How to organize those you follow on Twitter with lists


Go ahead, follow anyone and everyone you want to on Twitter. Lists can help you keep them organized.

The trouble with following too many people
In the early days of Twitter, the prevailing wisdom was to not follow more people than follow you. I think the logic was that if you don’t have as many followers as people you follow, then you’re not worth following.

Another reason often given for keeping the number of people you follow on Twitter low was that your feed would be too cluttered if you followed too many people. I admit that after I followed more than a couple hundred people on Twitter, it was hard to keep up with it all.

How Twitter lists help you reduce clutter
Then Twitter lists came along in 2009 and changed all that. A list allows you to group the people you follow by category. Say for instance, you are a baseball fan and like to follow professional baseball players. You can create a list called Baseball.

Once you have created the list, adding people to it is easy. The process varies depending on whether you’re using Twitter on your PC, mobile device or an app on your mobile device so I won’t detail the steps here. Search ‘lists’ in the help menu of the Twitter application you’re using if it’s not plainly evident.

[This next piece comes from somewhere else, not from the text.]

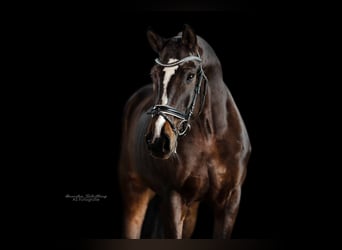 Tysk sporthäst, Sto, 5 år, 169 cm, Mörkbrun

You can add one individual to multiple lists. As an example, I follow @DbacksBaxter – the team mascot for the Arizona Diamondbacks. I added D. Baxter to these lists: Sports, Arizona & Personalities. You don’t have to put everyone you follow on a list. Doing so is not wise in my opinion.

Example
You’ll see the real value of taking the time to set up Twitter lists after you have created a few. Let’s say you’re watching football on a Sunday afternoon. You click on your list called Football or Sports or NFL Fans – whatever you named it – to which you have added the people who play or are interested in football. Next thing you know you’re viewing only the tweets of people on this list who are presumably talking about the game(s). The tweets from others about weather, family or dinner are still out there; you just can’t see them for the time being because you have filtered them out.

Finding worthwhile people for your lists
A good way to find people to follow and add to your lists is to search a key word or hash tag when you know people are tweeting about a particular topic. Want to find other baseball fans to follow? Search #worldseries during the World Series. Try the same for #grammys or #oscars or any particular shows you like to watch. When you see a tweet you like, follow the person that tweeted it and add them to your list for that topic. You can do the same for other areas of interest.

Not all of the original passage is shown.